> [Exercise aim]: Could you repeat, exactly and with no pictures, only the lines from the start of the records through the line containing "Mạnh Trường cực"?

> [Raw data]:
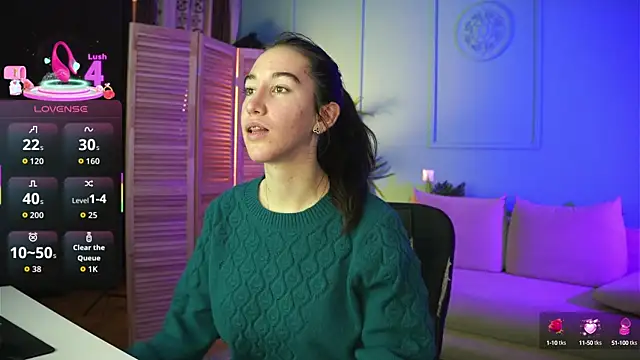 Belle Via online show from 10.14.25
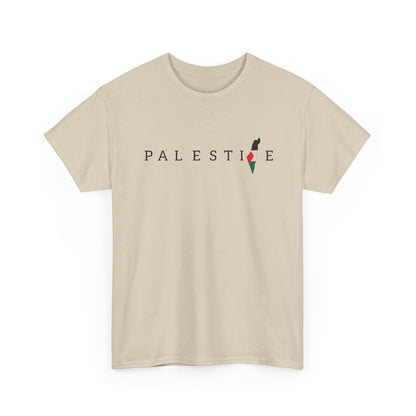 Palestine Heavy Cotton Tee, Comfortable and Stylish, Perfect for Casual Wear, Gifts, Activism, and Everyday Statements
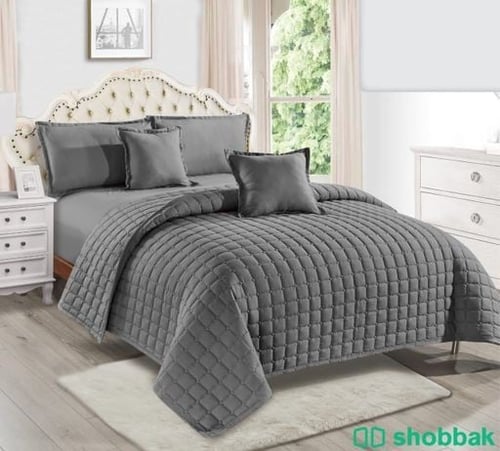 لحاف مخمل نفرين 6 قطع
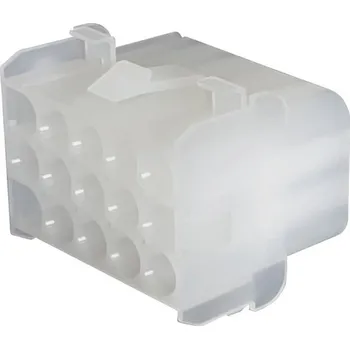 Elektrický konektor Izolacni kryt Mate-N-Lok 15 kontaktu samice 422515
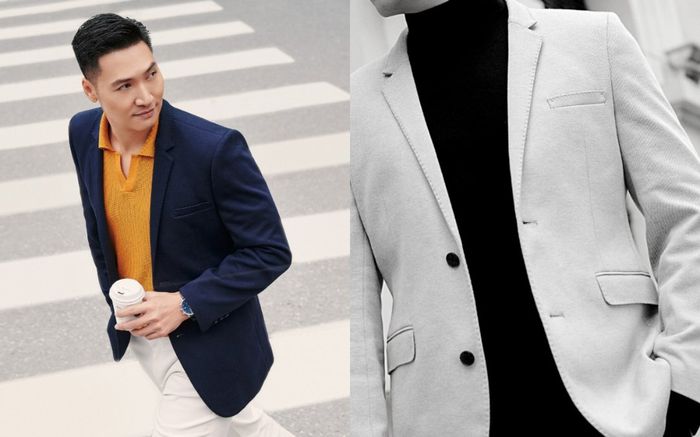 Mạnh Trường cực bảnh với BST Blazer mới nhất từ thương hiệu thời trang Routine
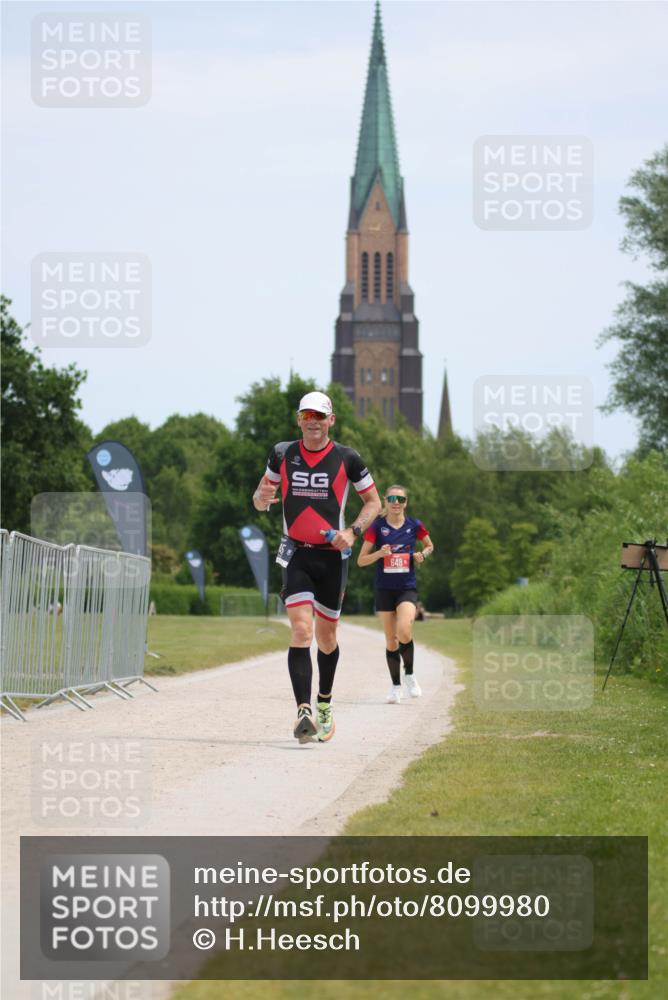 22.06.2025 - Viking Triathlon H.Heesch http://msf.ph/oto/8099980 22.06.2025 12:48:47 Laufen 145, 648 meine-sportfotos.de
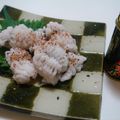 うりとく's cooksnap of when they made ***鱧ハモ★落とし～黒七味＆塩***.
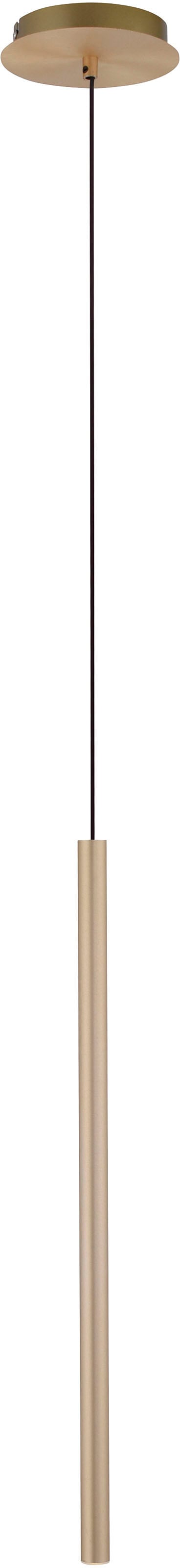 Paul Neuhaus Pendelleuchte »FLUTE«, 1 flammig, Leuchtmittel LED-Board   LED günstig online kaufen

> [Answer to this task]:
 Belle Via online show from 10.14.25
 Palestine Heavy Cotton Tee, Comfortable and Stylish, Perfect for Casual Wear, Gifts, Activism, and Everyday Statements
 لحاف مخمل نفرين 6 قطع
 Elektrický konektor Izolacni kryt Mate-N-Lok 15 kontaktu samice 422515
 Mạnh Trường cực bảnh với BST Blazer mới nhất từ thương hiệu thời trang Routine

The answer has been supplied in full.